[Captioned web image data]
========================================================================
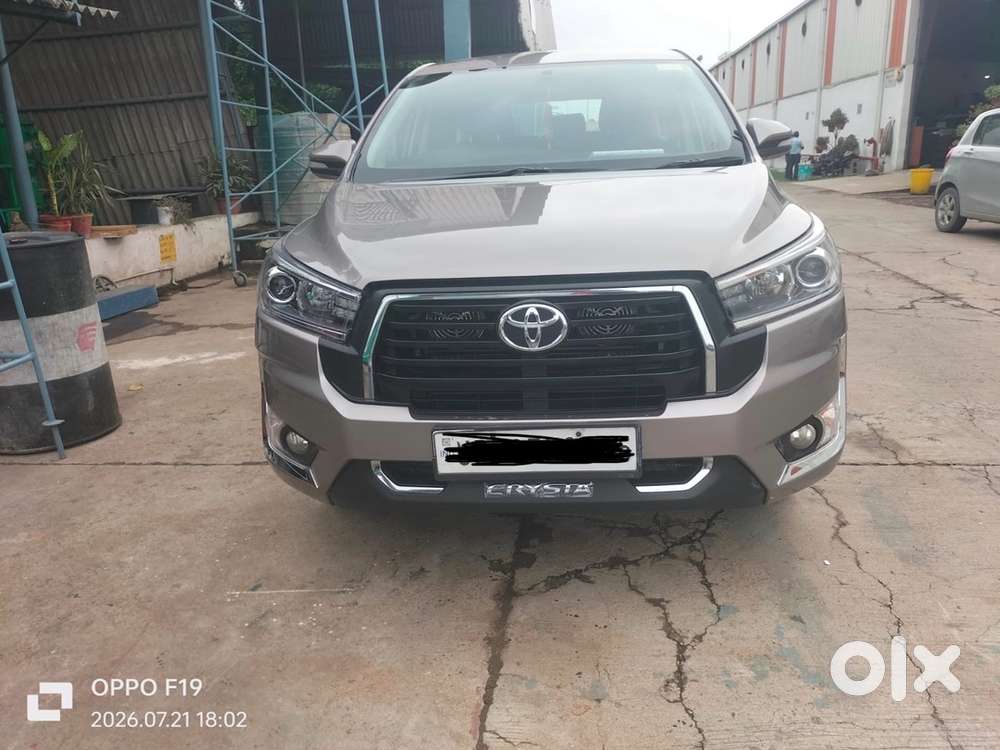 2016 Toyota Innova Diesel Manual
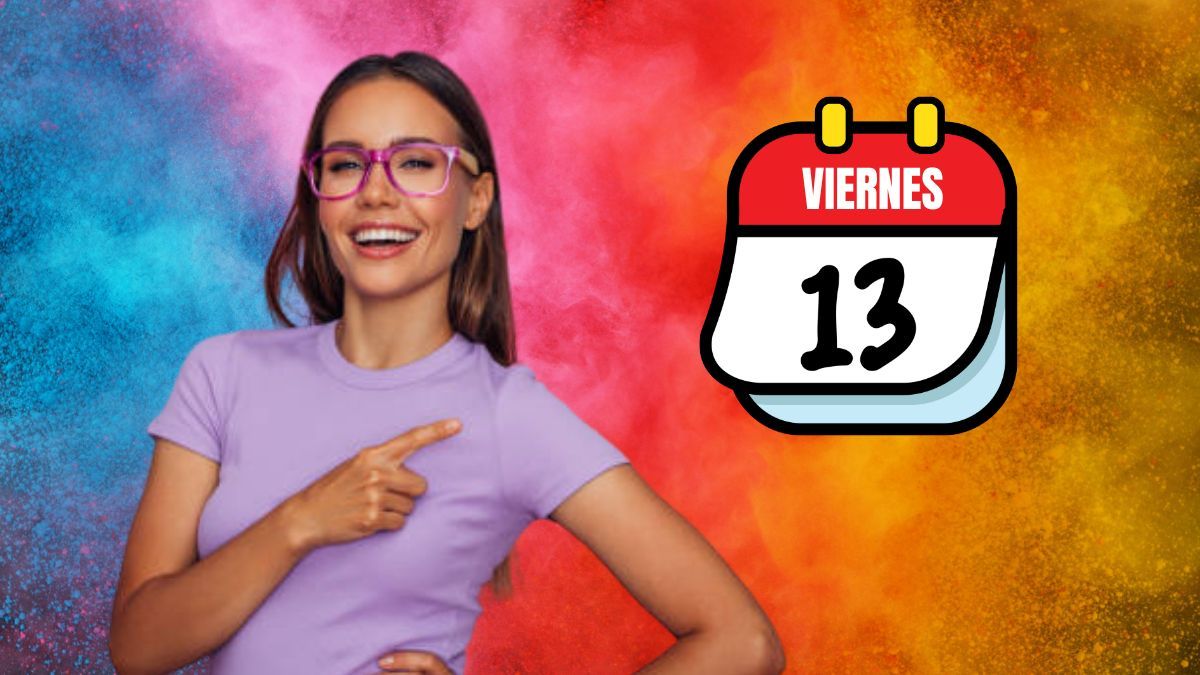 El viernes 13 es considerado un día de mala suerte. Foto: Canva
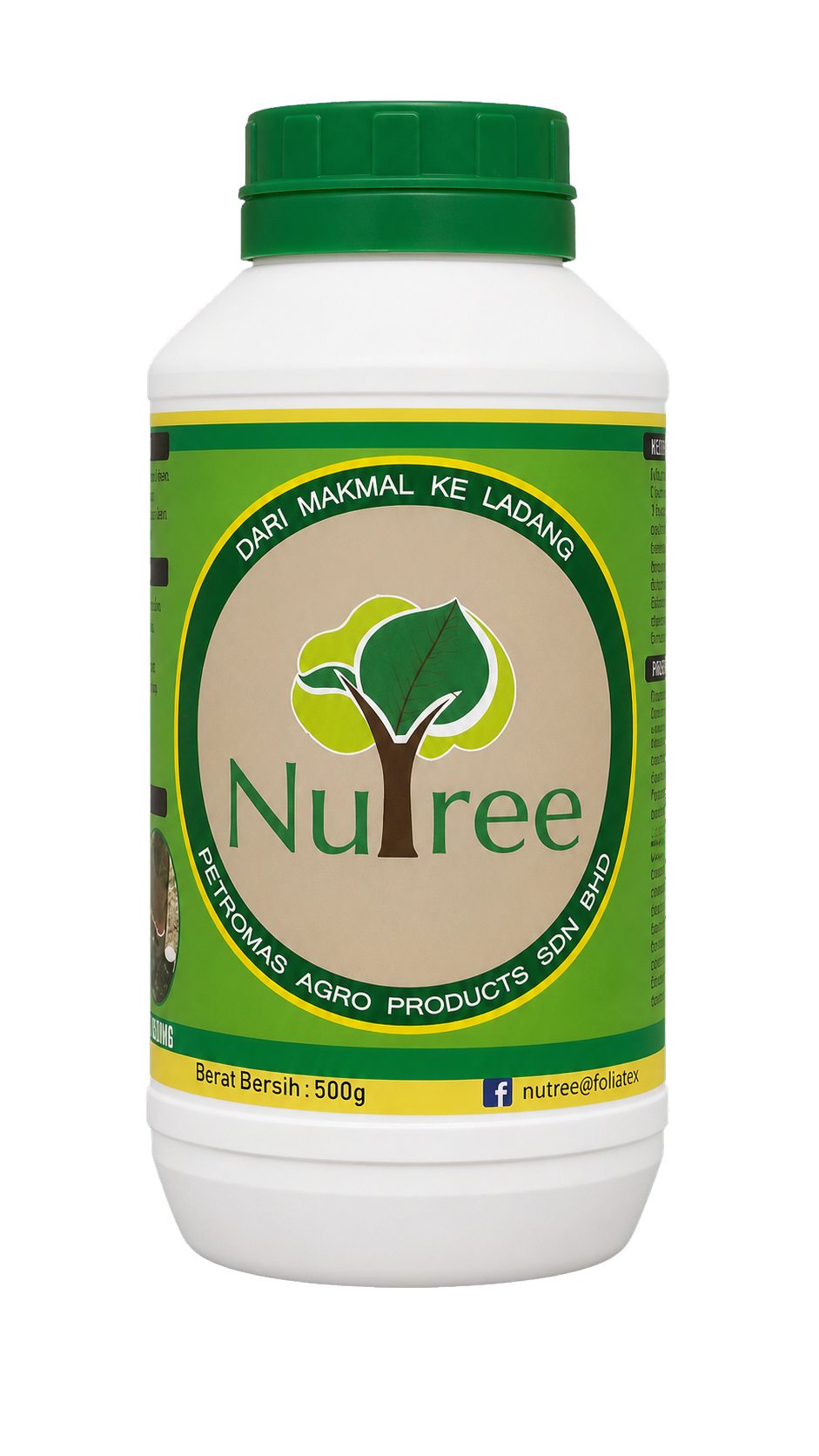Botol produk NuTree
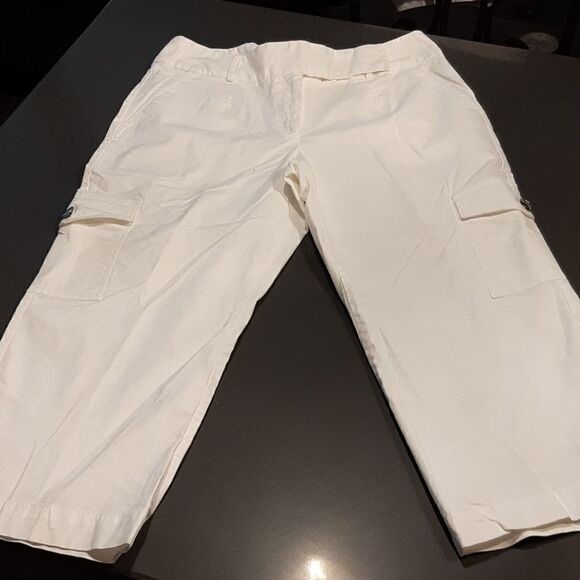 elementz  sz L cargo pocket Capri pants - Picture 1 of 12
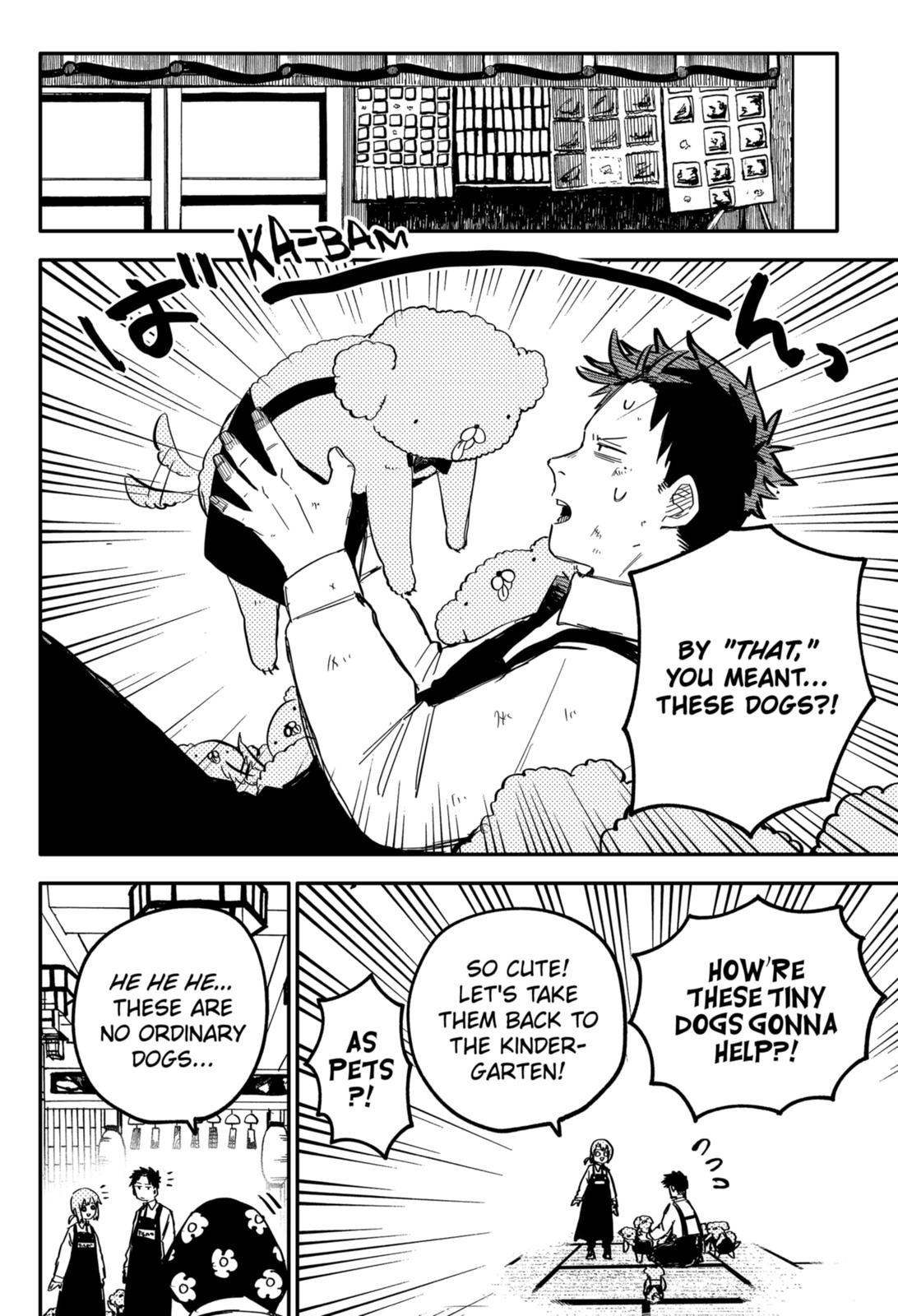 Kindergarten Wars Chapter 36 page 4 - Chapter 36
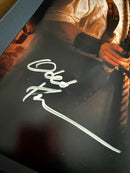 The Mummy 16x20 Triple signed print (A) Brendan Fraser, Arnold Vosloo & Oded Fehr (rare)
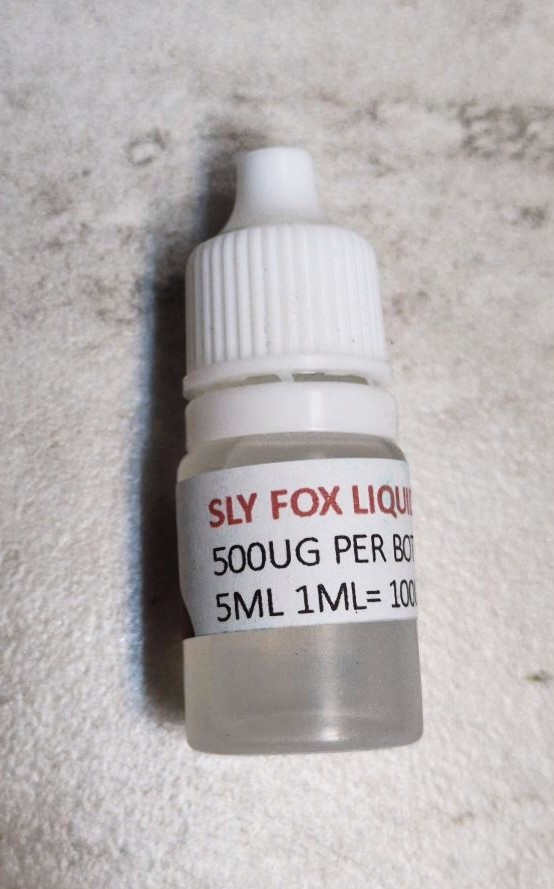 Sly Fox Liquid LSD-25 500Mcg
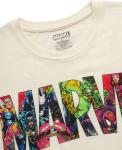 Avengers Spiderman Captain America Graphic Tee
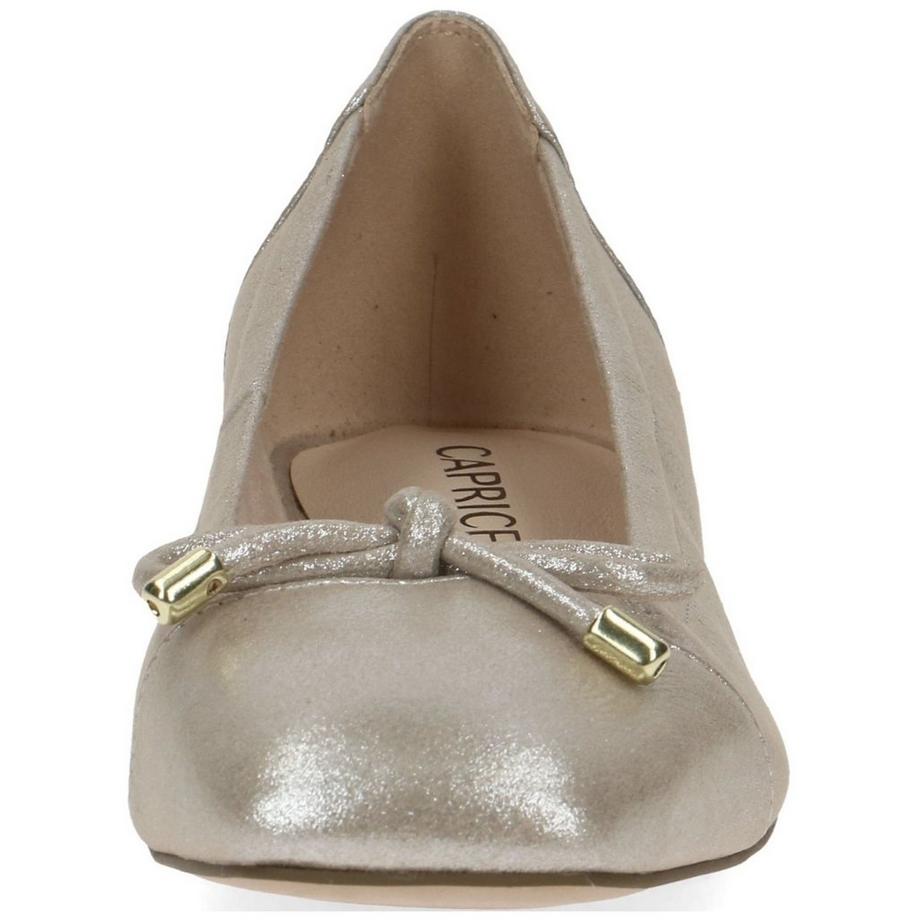 CAPRICE Ballerines avec Nœud Décoratif  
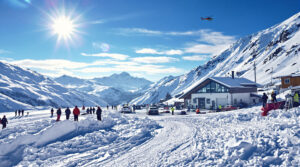 Accident Motoneige Ski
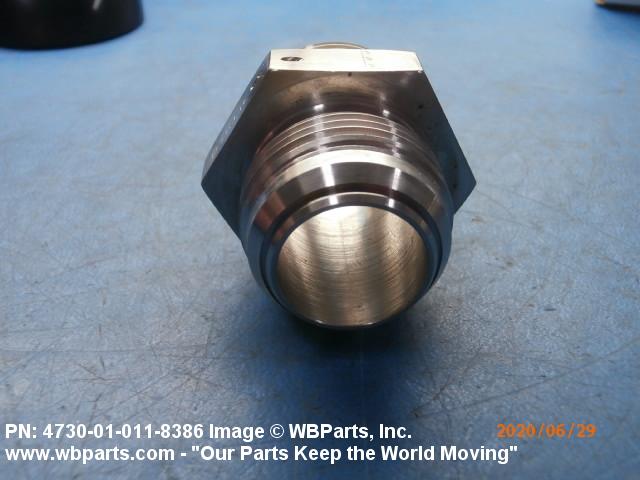 4730-01-011-8386 - TUBE TO BOSS STRAIGHT ADAPTER, AS4307K16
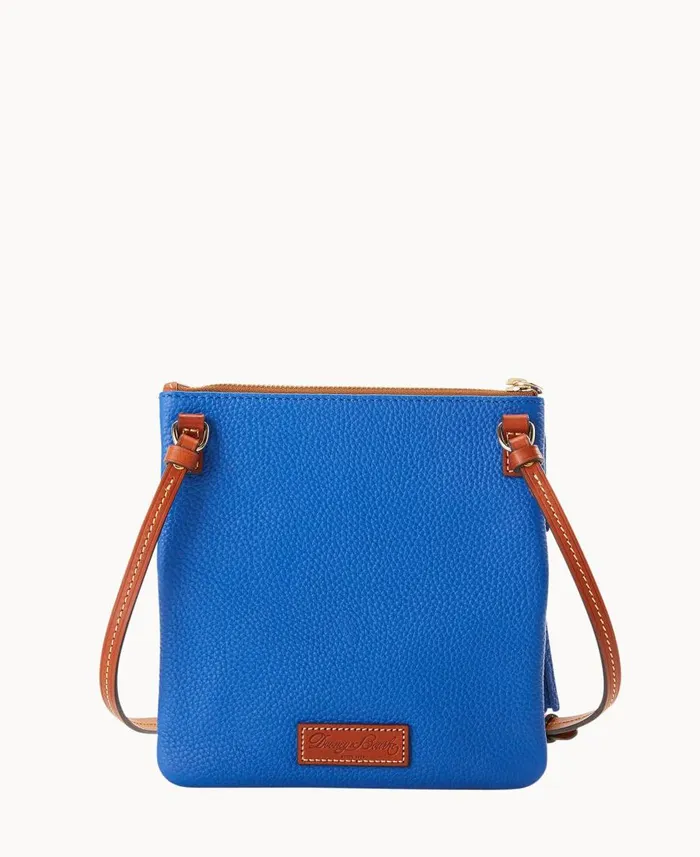 Woman NFL Giants Triple Zip Crossbody Giants Dooney and Bourke Crossbodies Woman NFL Giants Triple Zip Crossbody Giants Dooney and Bourke Crossbodies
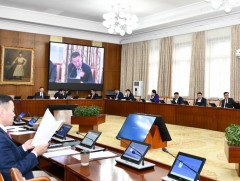 Тамхины хяналтын тухай хуульд нэмэлт, өөрчлөлт оруулах тухай хуулийн төслийг өргөн мэдүүллээ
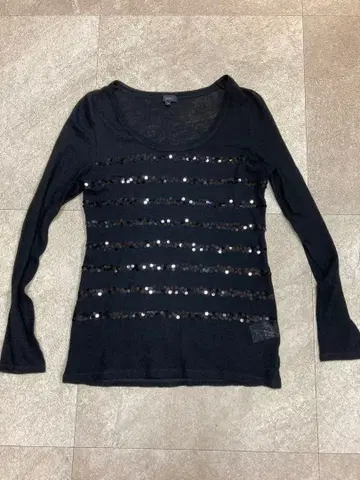 JOSEPH 스팽글 긴팔 니트 M 사이즈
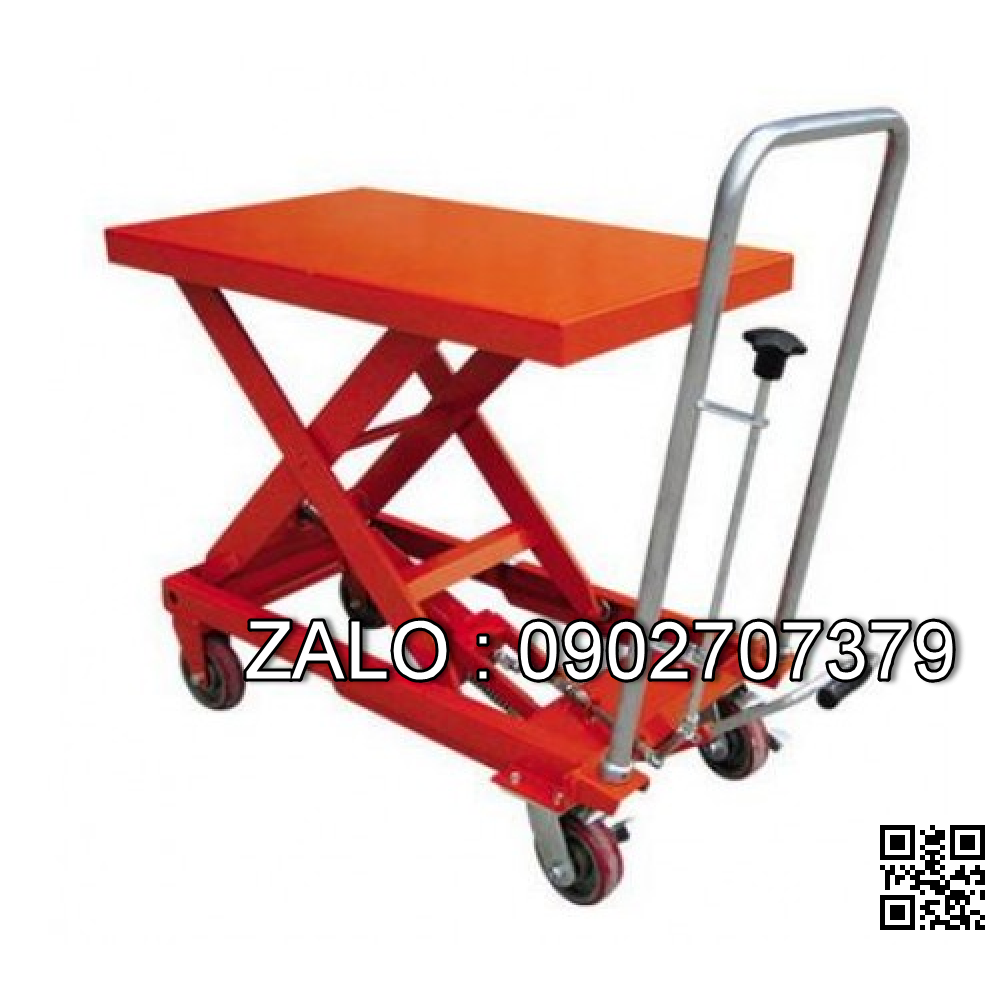 Xe nâng tay mặt bàn 500 kg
========================================================================
**Task to carry out**. Word for word, reproduce all of the entries above and omit the pictures.

**Reply**.
 2016 Toyota Innova Diesel Manual
 El viernes 13 es considerado un día de mala suerte. Foto: Canva
Botol produk NuTree
 elementz  sz L cargo pocket Capri pants - Picture 1 of 12
 Kindergarten Wars Chapter 36 page 4 - Chapter 36
 The Mummy 16x20 Triple signed print (A) Brendan Fraser, Arnold Vosloo & Oded Fehr (rare)
 Sly Fox Liquid LSD-25 500Mcg
 Avengers Spiderman Captain America Graphic Tee
 CAPRICE Ballerines avec Nœud Décoratif  
 Accident Motoneige Ski
 4730-01-011-8386 - TUBE TO BOSS STRAIGHT ADAPTER, AS4307K16
 Woman NFL Giants Triple Zip Crossbody Giants Dooney and Bourke Crossbodies Woman NFL Giants Triple Zip Crossbody Giants Dooney and Bourke Crossbodies
 Тамхины хяналтын тухай хуульд нэмэлт, өөрчлөлт оруулах тухай хуулийн төслийг өргөн мэдүүллээ
 JOSEPH 스팽글 긴팔 니트 M 사이즈
 Xe nâng tay mặt bàn 500 kg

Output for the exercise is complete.